Les émotions négatives contribueraient aussi au bonheur

Selon une nouvelle étude, éprouver des sensations, même négatives, participerait à la félicité.

Éprouver de la haine ne rendrait pas forcément malheureux. Les chemins qui mènent à la félicité seraient bien plus complexes que ce que l’on imaginait, selon une nouvelle étude publiée dans le Journal of Experimental Psychology, en août dernier. Maya Tamir, co-auteure de l’étude et professeure de psychologie à l’université de Jérusalem considère que « toutes les émotions peuvent être perçues comme négatives dans un certain contexte, et positives dans un autre, qu’elles soient plaisantes ou non ».

Une équipe internationale a interrogé 2 324 étudiants sur les émotions qu’ils aimeraient ressentir au quotidien et celles qu’ils éprouvaient réellement. Ils ont également évalué leur niveau global de satisfaction et noté les signes de mal-être. Les participants étaient originaires de huit pays : les États-Unis, le Brésil, la Chine, l’Allemagne, le Ghana, Israël, la Pologne et Singapour.

Sans surprise, la plupart auraient souhaité connaître, dans leur vie, plus de sentiments positifs et moins de sentiments négatifs. Mais la recherche d’émotions plaisantes n’était pas systématique : 11 % des participants déclaraient vouloir ressentir moins d’amour ou d’empathie, et 10 % d’entre eux souhaitaient même éprouver plus de haine ou de colère. Maya Tamir justifie ces positions étonnantes par des exemples concrets : « Les personnes qui ne sont pas en colère en lisant un article sur la maltraitance des enfants, jugeraient plus sain de se charger de sensations négatives à ce moment-là ; une femme violentée par son conjoint, et qui n’arrive pas à le quitter, préférerait sans doute éprouver plus de haine ou de colère à son égard. »
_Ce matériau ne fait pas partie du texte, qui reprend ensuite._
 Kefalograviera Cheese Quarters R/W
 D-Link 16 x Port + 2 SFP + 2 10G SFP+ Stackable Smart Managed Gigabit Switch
Conclusion : les participants dont les états d’âme correspondent à ceux qu’ils désirent éprouver, qu’ils soient positifs ou négatifs, se sentent globalement plus heureux. Toutefois, des recherches plus approfondies sont nécessaires pour savoir si cet état de bien-être serait durable. De plus, l’étude n’a évalué que la haine, l’hostilité, la colère et le mépris. Reste à savoir si la peur, la culpabilité, la tristesse ou la honte participent également au bonheur.